### THE DATA
----

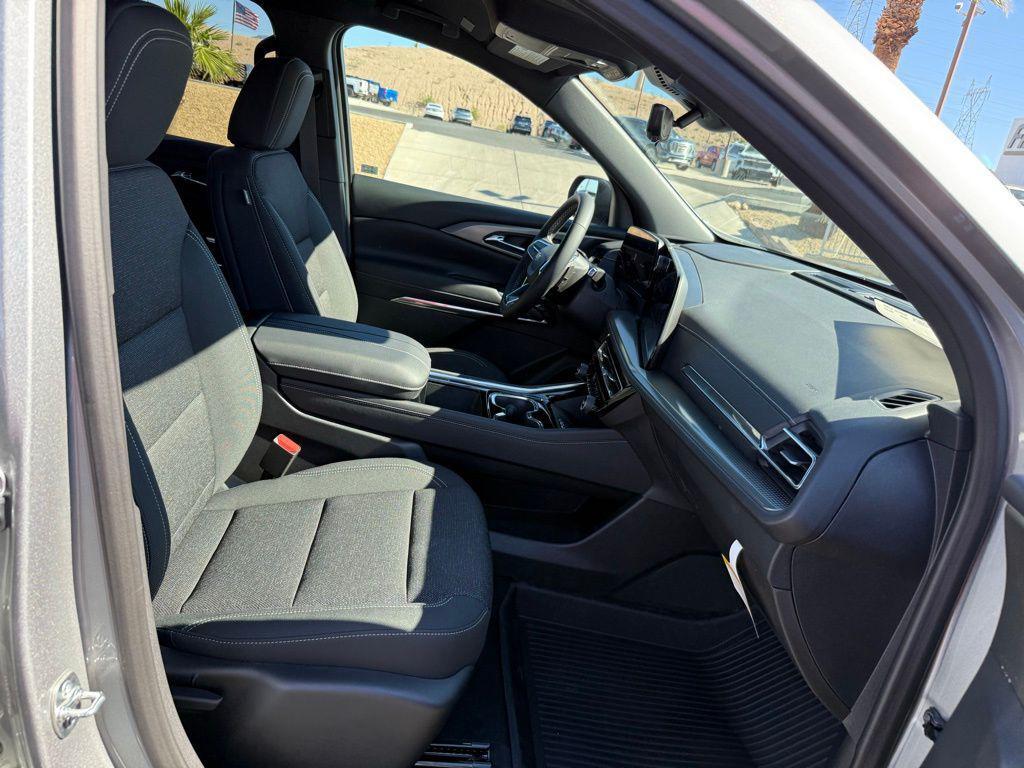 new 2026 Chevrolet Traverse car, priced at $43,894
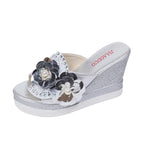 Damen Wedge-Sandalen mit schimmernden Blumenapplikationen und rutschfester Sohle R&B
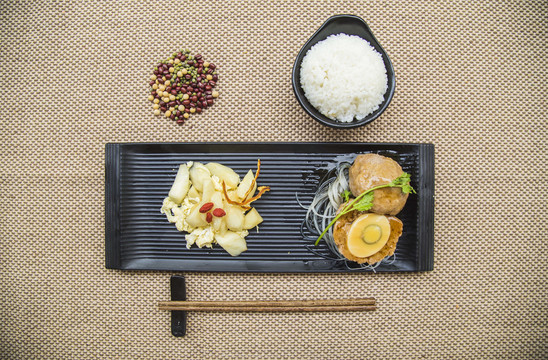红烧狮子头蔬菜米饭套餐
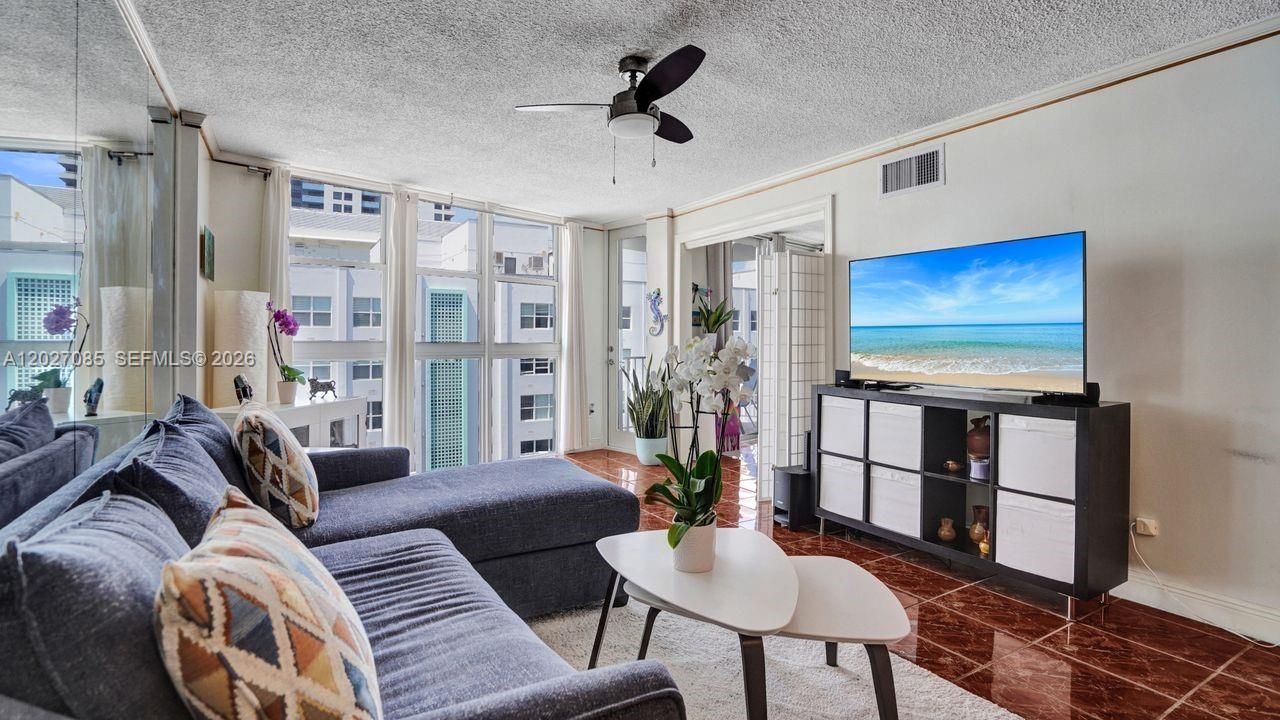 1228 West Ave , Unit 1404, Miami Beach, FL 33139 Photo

----

### TASK TO CARRY OUT
Each line of the listing above must be given again exactly; the pictures are to be left out.

### SOLVED PROBLEM
 new 2026 Chevrolet Traverse car, priced at $43,894
 Damen Wedge-Sandalen mit schimmernden Blumenapplikationen und rutschfester Sohle R&B
红烧狮子头蔬菜米饭套餐
 1228 West Ave , Unit 1404, Miami Beach, FL 33139 Photo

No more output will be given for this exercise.